■ **REQUIREMENT**: Using the records below, copy exactly the part that opens with the line holding "Ashtead, Surrey, UK" and closes with the line holding "Lions Tigers Elephants Giraffes Zebras", minus the pictures.

■ **GIVEN RECORDS**:
--*--
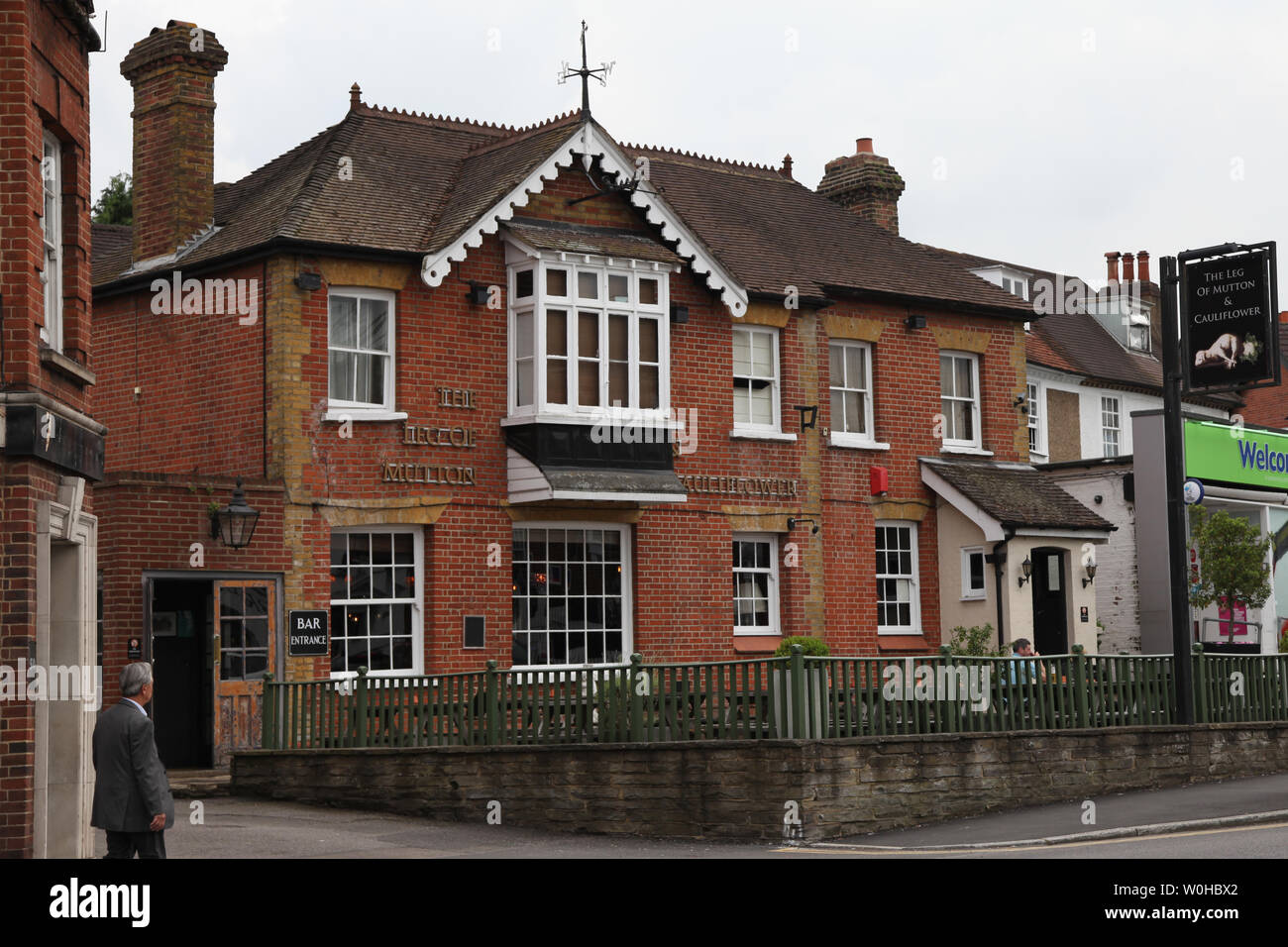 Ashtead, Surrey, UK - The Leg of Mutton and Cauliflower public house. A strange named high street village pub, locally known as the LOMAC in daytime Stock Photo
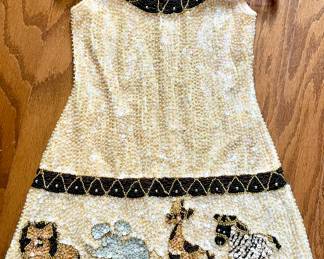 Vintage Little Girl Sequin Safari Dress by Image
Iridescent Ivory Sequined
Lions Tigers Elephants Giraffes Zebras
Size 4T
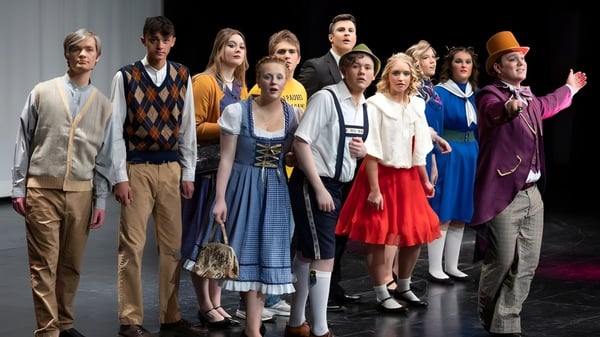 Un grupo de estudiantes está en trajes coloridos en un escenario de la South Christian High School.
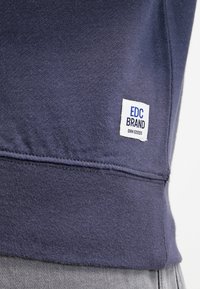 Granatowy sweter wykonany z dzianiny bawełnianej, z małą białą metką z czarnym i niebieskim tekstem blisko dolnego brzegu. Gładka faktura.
--*--
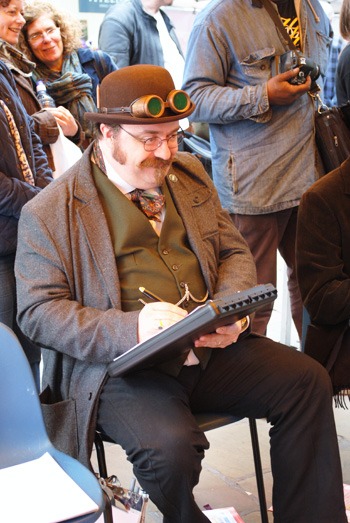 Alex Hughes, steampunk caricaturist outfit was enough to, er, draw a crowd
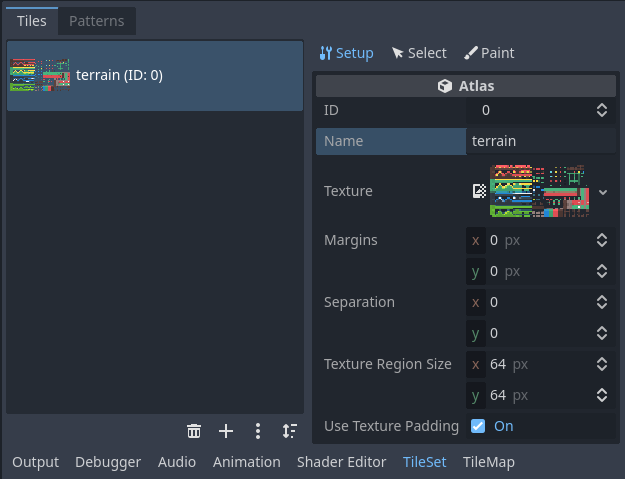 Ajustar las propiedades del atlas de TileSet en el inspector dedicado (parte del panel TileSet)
--*--
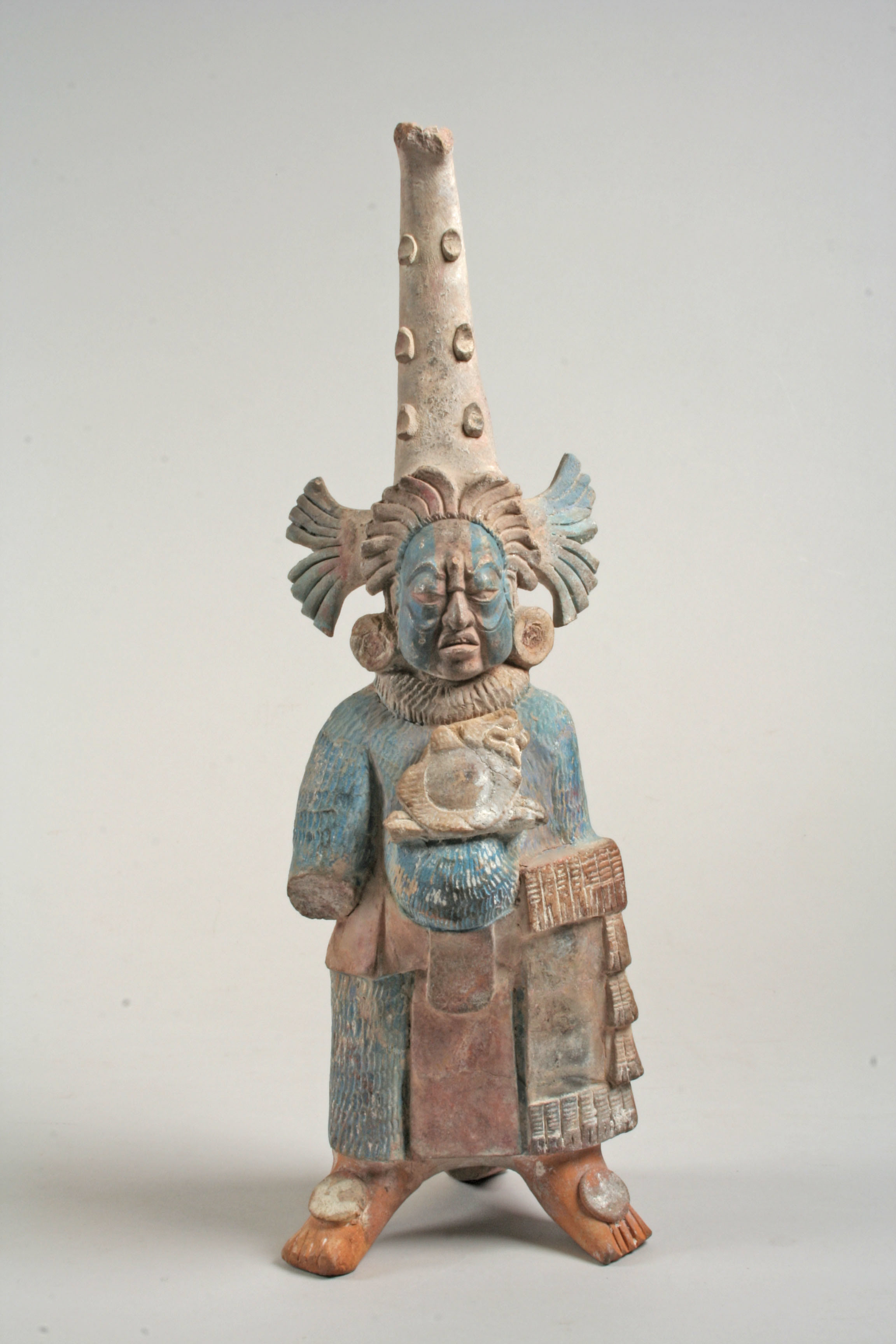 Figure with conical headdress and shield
--*--
■ **SOLUTION FOR THIS PROBLEM**:
 Ashtead, Surrey, UK - The Leg of Mutton and Cauliflower public house. A strange named high street village pub, locally known as the LOMAC in daytime Stock Photo
 Vintage Little Girl Sequin Safari Dress by Image
Iridescent Ivory Sequined
Lions Tigers Elephants Giraffes Zebras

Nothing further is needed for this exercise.